§ ABOUT THIS EXERCISE
Retype exactly the lines from the one containing "What's so special" through the last line of the records below, including both, and leave out any pictures.

§

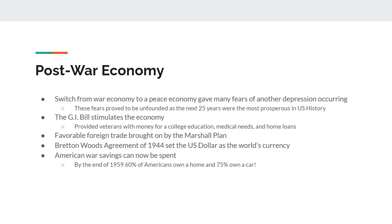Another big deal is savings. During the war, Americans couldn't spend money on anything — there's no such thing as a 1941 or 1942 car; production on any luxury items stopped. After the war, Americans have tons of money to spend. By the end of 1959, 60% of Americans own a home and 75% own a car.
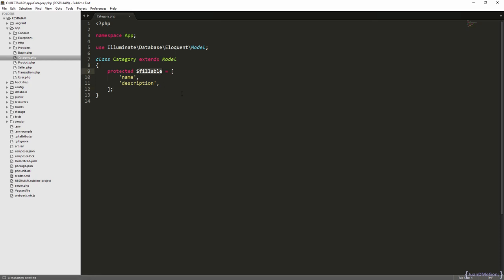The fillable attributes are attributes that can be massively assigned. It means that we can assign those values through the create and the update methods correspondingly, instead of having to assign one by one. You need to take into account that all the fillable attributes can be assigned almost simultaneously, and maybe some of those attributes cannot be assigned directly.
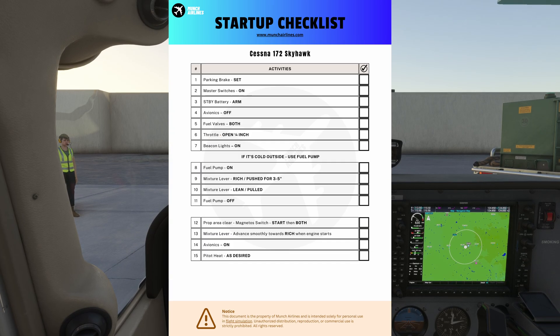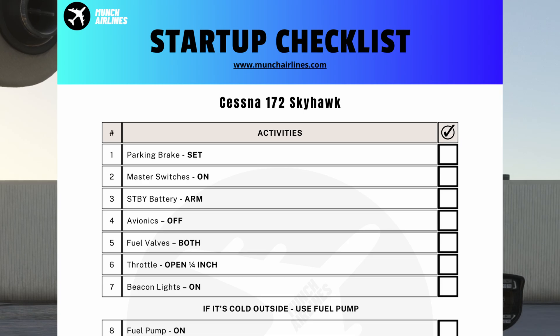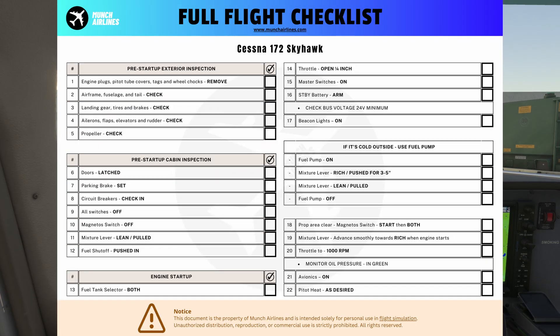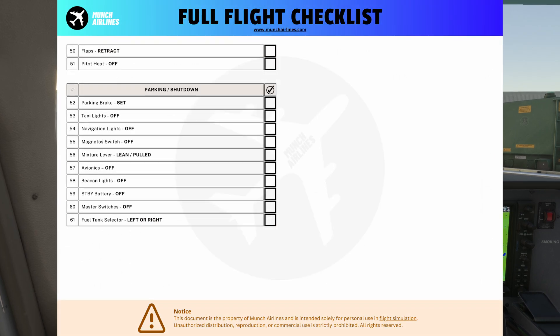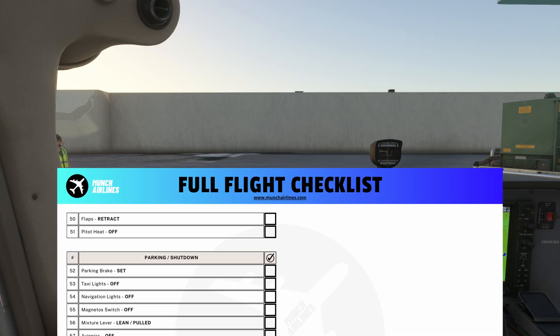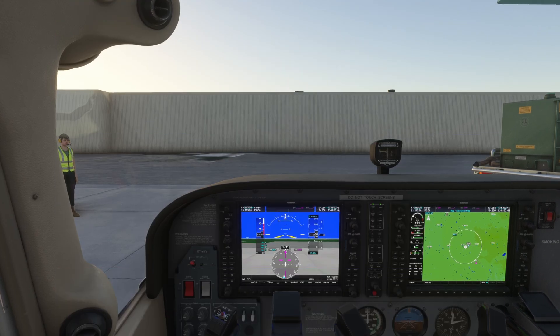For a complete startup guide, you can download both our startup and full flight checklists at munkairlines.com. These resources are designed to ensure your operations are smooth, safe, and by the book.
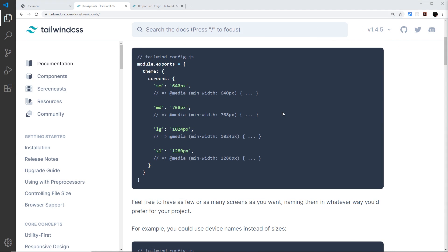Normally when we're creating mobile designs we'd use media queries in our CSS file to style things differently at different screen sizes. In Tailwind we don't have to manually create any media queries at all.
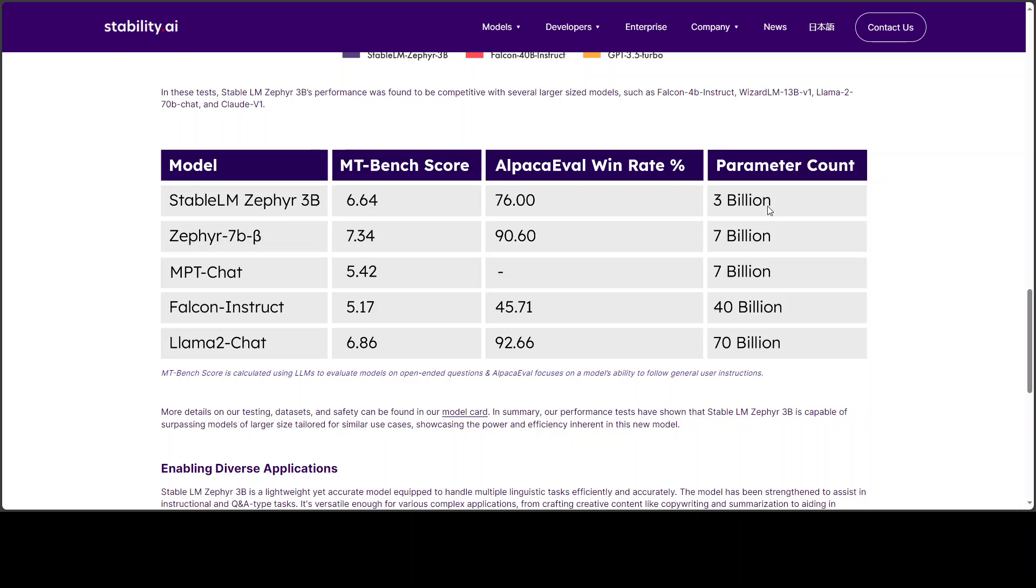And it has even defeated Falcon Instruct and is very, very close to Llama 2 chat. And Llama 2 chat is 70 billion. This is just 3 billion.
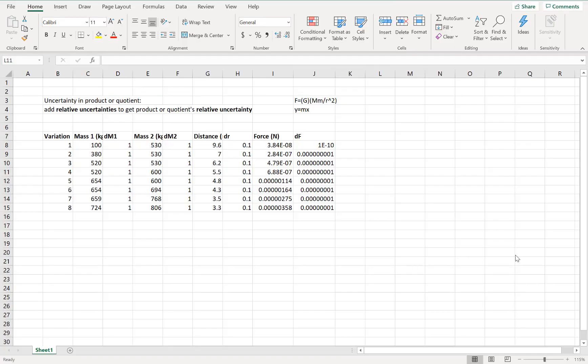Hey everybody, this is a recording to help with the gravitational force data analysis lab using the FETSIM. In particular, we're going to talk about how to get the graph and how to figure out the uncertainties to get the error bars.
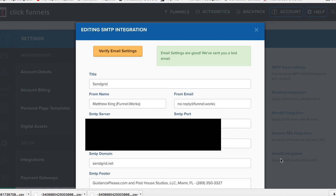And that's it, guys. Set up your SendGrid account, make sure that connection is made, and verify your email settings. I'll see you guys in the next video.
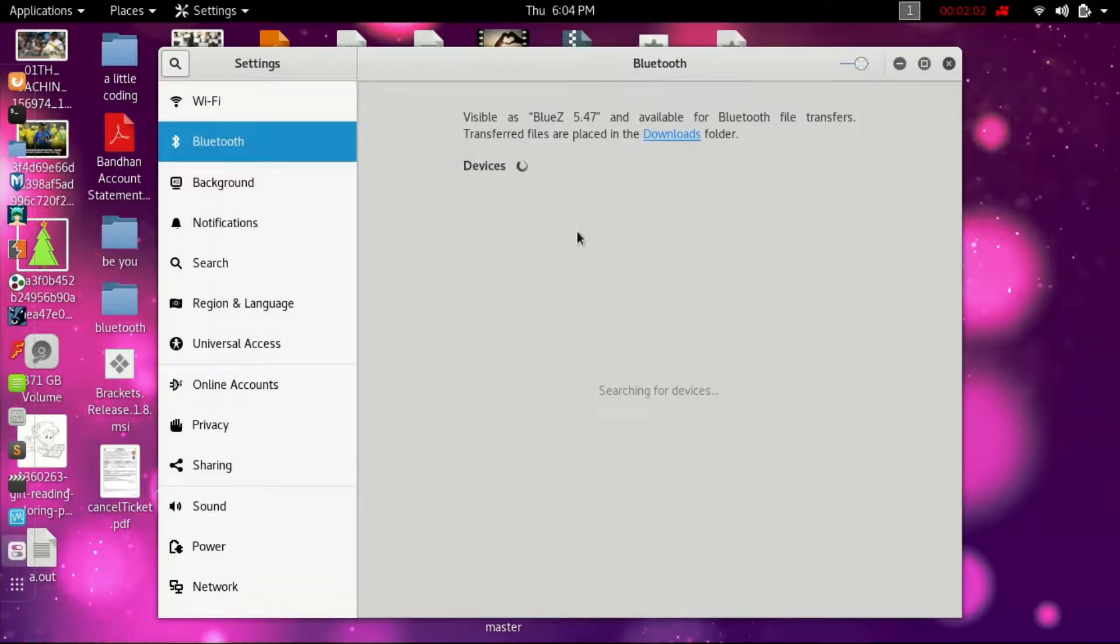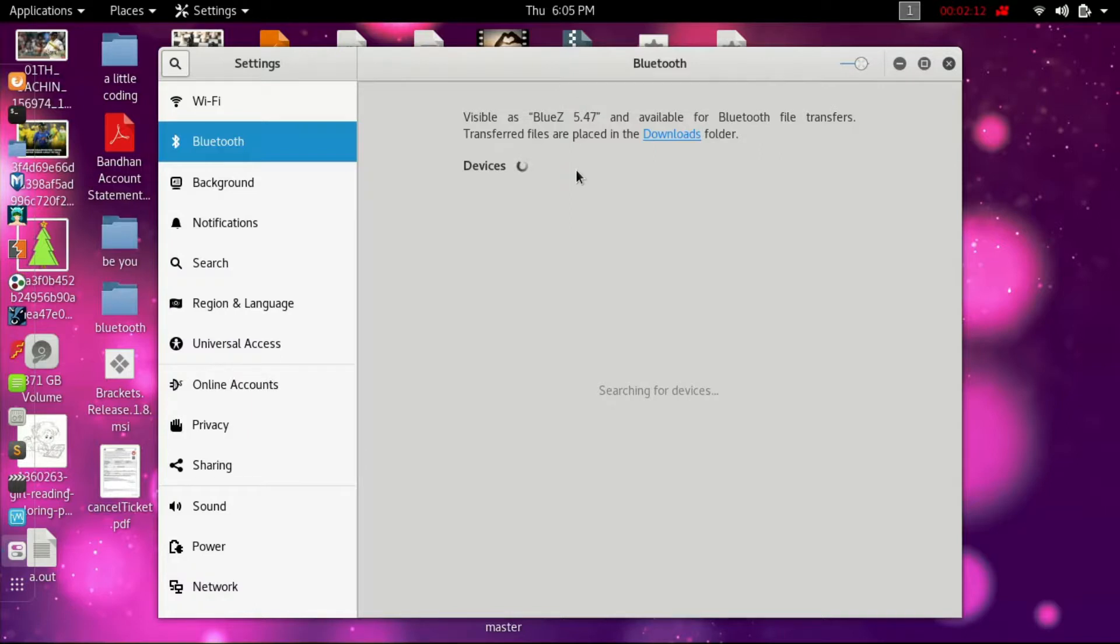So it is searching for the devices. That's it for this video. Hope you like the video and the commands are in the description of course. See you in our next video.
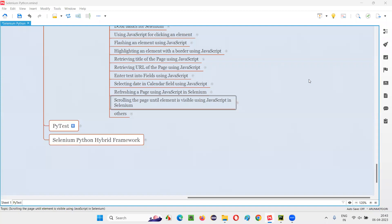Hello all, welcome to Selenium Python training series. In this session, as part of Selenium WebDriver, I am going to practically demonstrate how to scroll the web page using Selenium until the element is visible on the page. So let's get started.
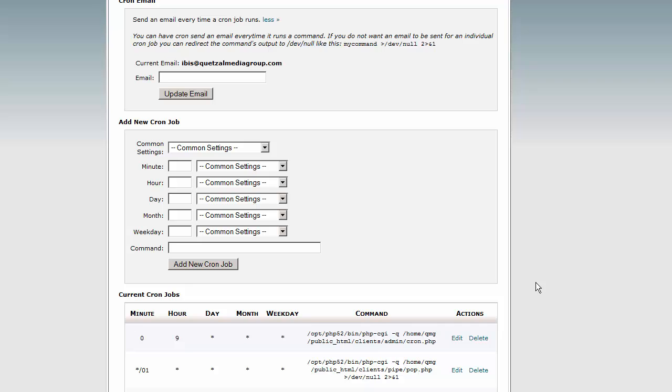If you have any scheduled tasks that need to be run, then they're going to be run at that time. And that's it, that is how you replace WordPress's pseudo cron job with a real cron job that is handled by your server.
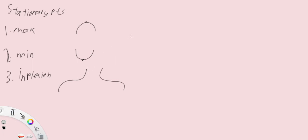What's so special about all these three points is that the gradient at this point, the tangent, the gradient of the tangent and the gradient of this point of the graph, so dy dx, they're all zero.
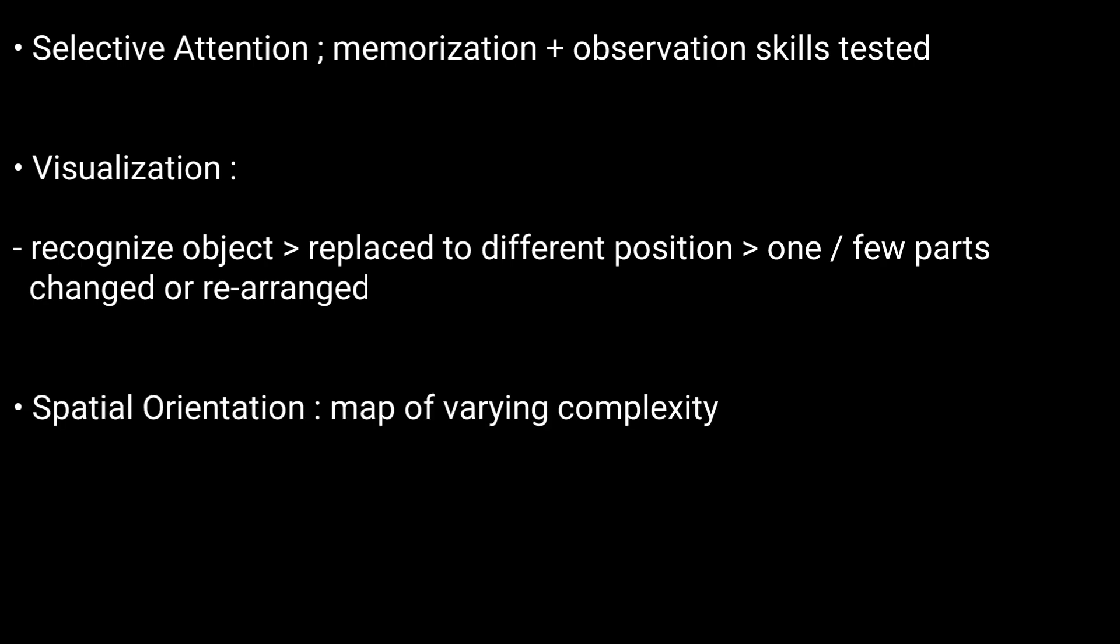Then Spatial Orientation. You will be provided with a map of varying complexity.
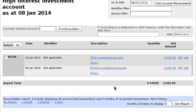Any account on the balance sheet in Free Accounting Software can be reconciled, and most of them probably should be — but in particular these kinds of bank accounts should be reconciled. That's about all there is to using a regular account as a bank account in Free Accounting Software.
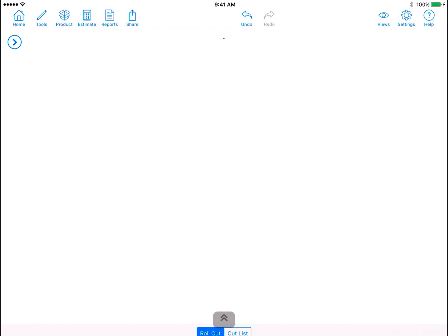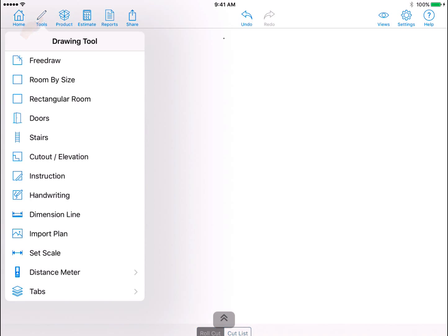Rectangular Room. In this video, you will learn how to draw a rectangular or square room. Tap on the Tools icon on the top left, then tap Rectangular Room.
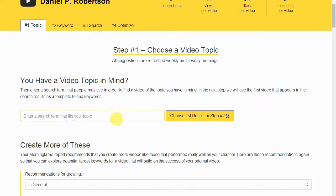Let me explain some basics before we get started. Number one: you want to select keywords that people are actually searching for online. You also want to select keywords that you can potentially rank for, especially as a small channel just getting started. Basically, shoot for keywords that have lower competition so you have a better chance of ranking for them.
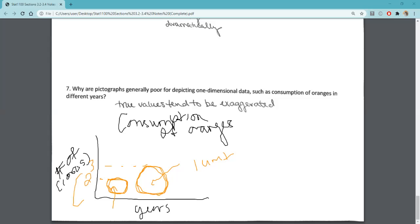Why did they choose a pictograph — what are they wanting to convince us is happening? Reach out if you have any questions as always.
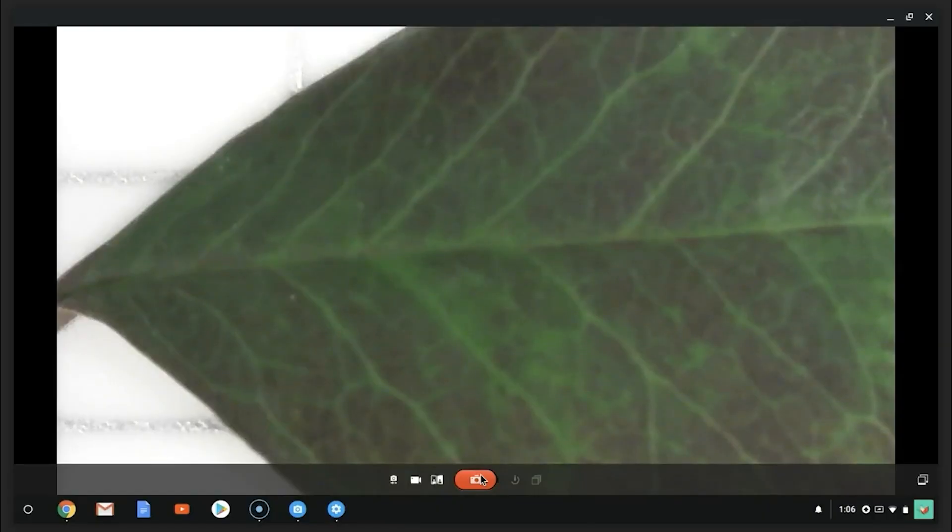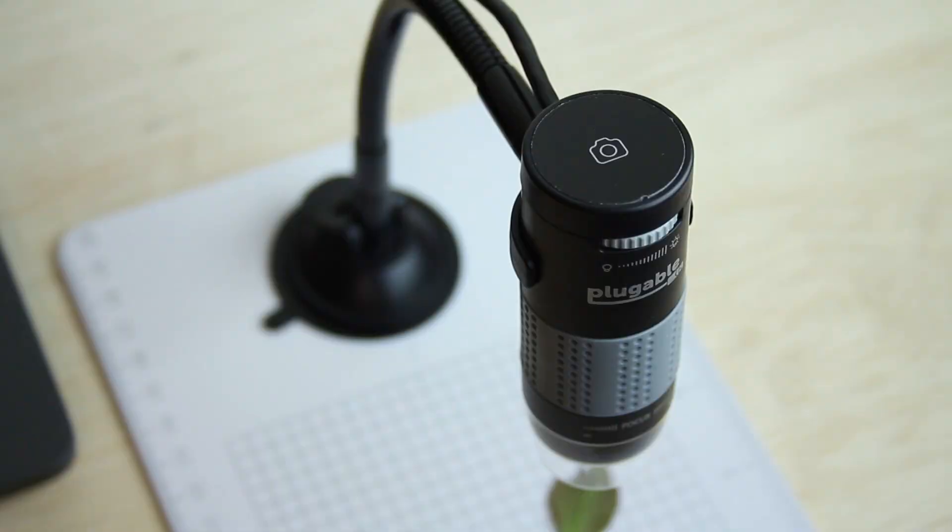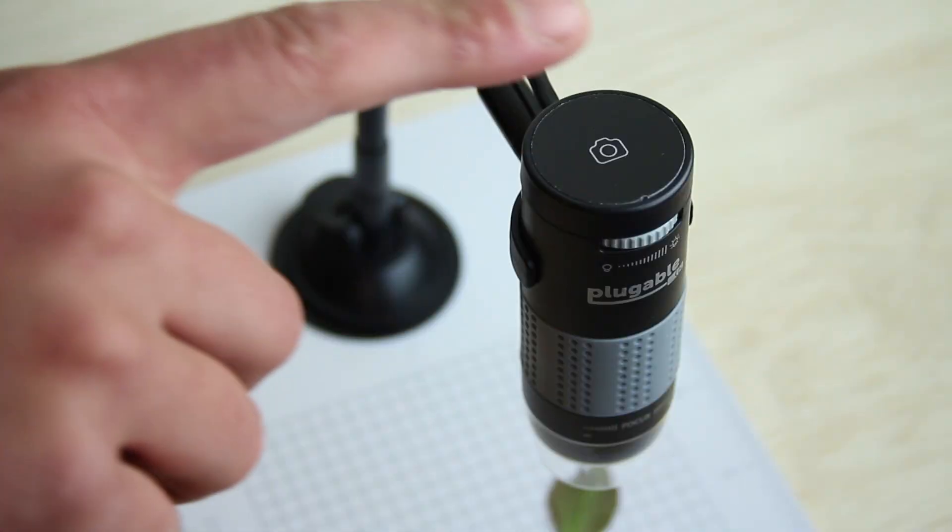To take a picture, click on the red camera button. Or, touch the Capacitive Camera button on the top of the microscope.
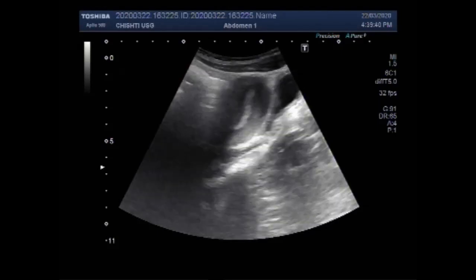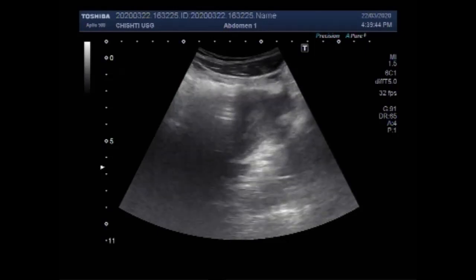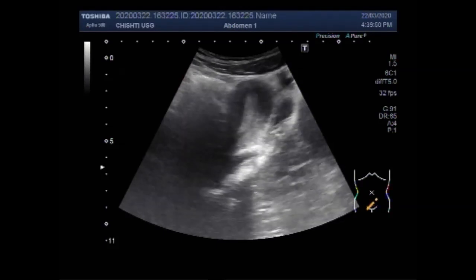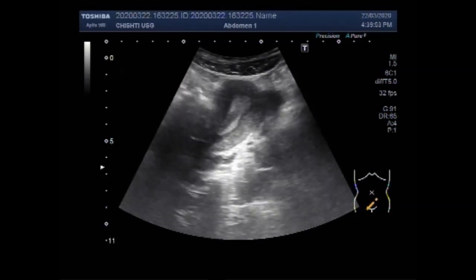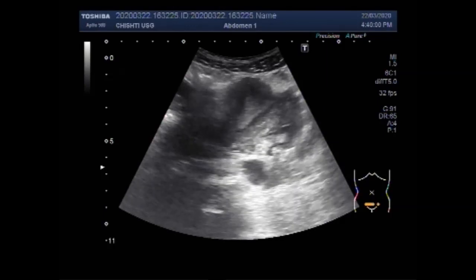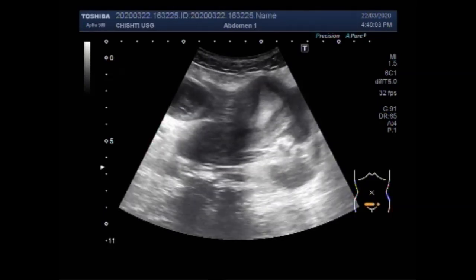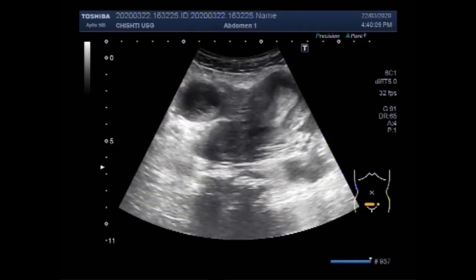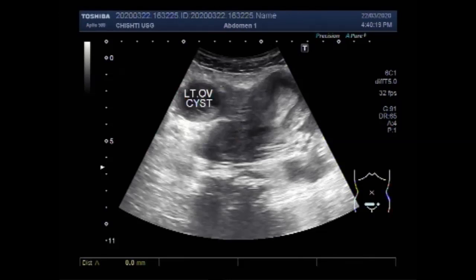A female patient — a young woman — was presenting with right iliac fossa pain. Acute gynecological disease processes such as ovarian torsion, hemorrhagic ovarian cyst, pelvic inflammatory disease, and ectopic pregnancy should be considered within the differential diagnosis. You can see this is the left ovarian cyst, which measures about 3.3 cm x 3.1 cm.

§

§ REPLY TO THE EXERCISE
What's so special about all these three points is that the gradient at this point, the tangent, the gradient of the tangent and the gradient of this point of the graph, so dy dx, they're all zero.
Then Spatial Orientation. You will be provided with a map of varying complexity.
Any account on the balance sheet in Free Accounting Software can be reconciled, and most of them probably should be — but in particular these kinds of bank accounts should be reconciled. That's about all there is to using a regular account as a bank account in Free Accounting Software.
Rectangular Room. In this video, you will learn how to draw a rectangular or square room. Tap on the Tools icon on the top left, then tap Rectangular Room.
Let me explain some basics before we get started. Number one: you want to select keywords that people are actually searching for online. You also want to select keywords that you can potentially rank for, especially as a small channel just getting started. Basically, shoot for keywords that have lower competition so you have a better chance of ranking for them.
Why did they choose a pictograph — what are they wanting to convince us is happening? Reach out if you have any questions as always.
To take a picture, click on the red camera button. Or, touch the Capacitive Camera button on the top of the microscope.
A female patient — a young woman — was presenting with right iliac fossa pain. Acute gynecological disease processes such as ovarian torsion, hemorrhagic ovarian cyst, pelvic inflammatory disease, and ectopic pregnancy should be considered within the differential diagnosis. You can see this is the left ovarian cyst, which measures about 3.3 cm x 3.1 cm.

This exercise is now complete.